The Red Wings stayed home. Their solidarity was admirable. Stars like Steve Yzerman, who was out $17,460 a day in salary, stood shoulder-to-shoulder with lesser-paid brethren like second-year goalie Chris Osgood, who could ill afford to lose $1,085 a day, as the lockout dragged through the early autumn and into winter. “We’re not going to break,” insisted Shawn Burr. “When hockey players get down to crunch time, that’s when we stick together. That’s how we’ve been raised since we were three years old. I’ll live on nothing before I turn on my friends.”
Mike Ilitch had mixed emotions. As the owner of the league’s most valuable franchise, he was the kind of overly generous boss who had placed new VCRs in players’ lockers at Christmas, given Yzerman a $50,000 bonus for scoring his 50th goal, and bought a private jet for the team so that the players wouldn’t have to spend as many evenings away from their families.
But he also knew that the economics of professional sports was changing. A few weeks earlier, a similar disagreement had resulted in the cancellation of the balance of the 1994 major league baseball season, including the World Series.
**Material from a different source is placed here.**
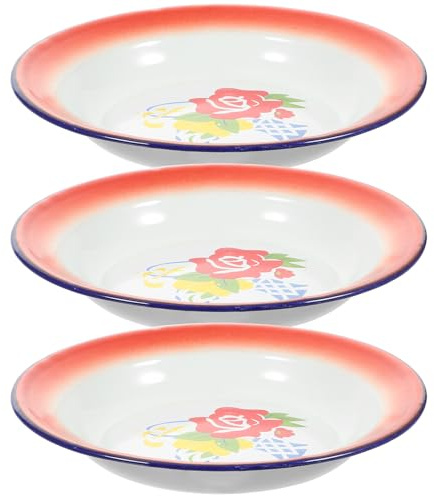 Angoily Assiettes En Émail Rétro 20 Cm Motif Floral, Lot De 3 Pièces, Plat à Grignoter Assorti, Pour Service Alimentaire Et Table à Manger, Usage Familial Et Festif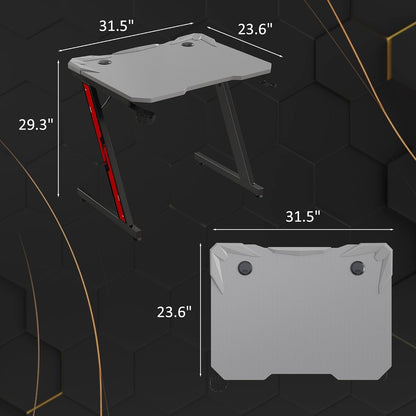 Gaming Computer Desk with Carbon Fiber Surface, Gaming Table Z Shaped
As owner of the Tigers, he understood that annual hikes in ticket prices could not keep up with escalating salaries—though he conveniently forgot that he had helped unleash the beast now devouring professional hockey through his own extravagant signings of free agents.
The impasse lasted through the Christmas holidays and into the new year. Finally, just as it appeared that the NHL would become the second major sport that year to lose a season because of labor strife, owners and layers reached a compromise agreement. Ilitch was one of a handful of hardliners who thought that owners should stand firm on the issue of a team salary cap, but he was outvoted by fellow magnates. An abbreviated 48-game schedule was put together.
The Wings opened January 20, 1995, with a 4-1 victory over Chicago at The Joe. They quickly climbed to the top of the overall standings and stayed there. They finished with a 33-11-4 record and 70 points, giving them the President’s Trophy and home-ice advantage throughout the playoffs. Scotty Bowman’s Wings would have to wait a couple of more years to win their first Stanley Cup, however, as the New Jersey Devils stuck a pitchfork in them in a Finals sweep.
The Players Association was satisfied that the work stoppage had been worth it. The final deal provided for free agency beginning at age 32 and a salary cap on entry-level players only. The league’s labor problems mystified Detroit’s Russian players, however.
“This would never happen in Russia,” said Vlady Konstantinov. “They tell you to go play in Siberia, you go play in Siberia.”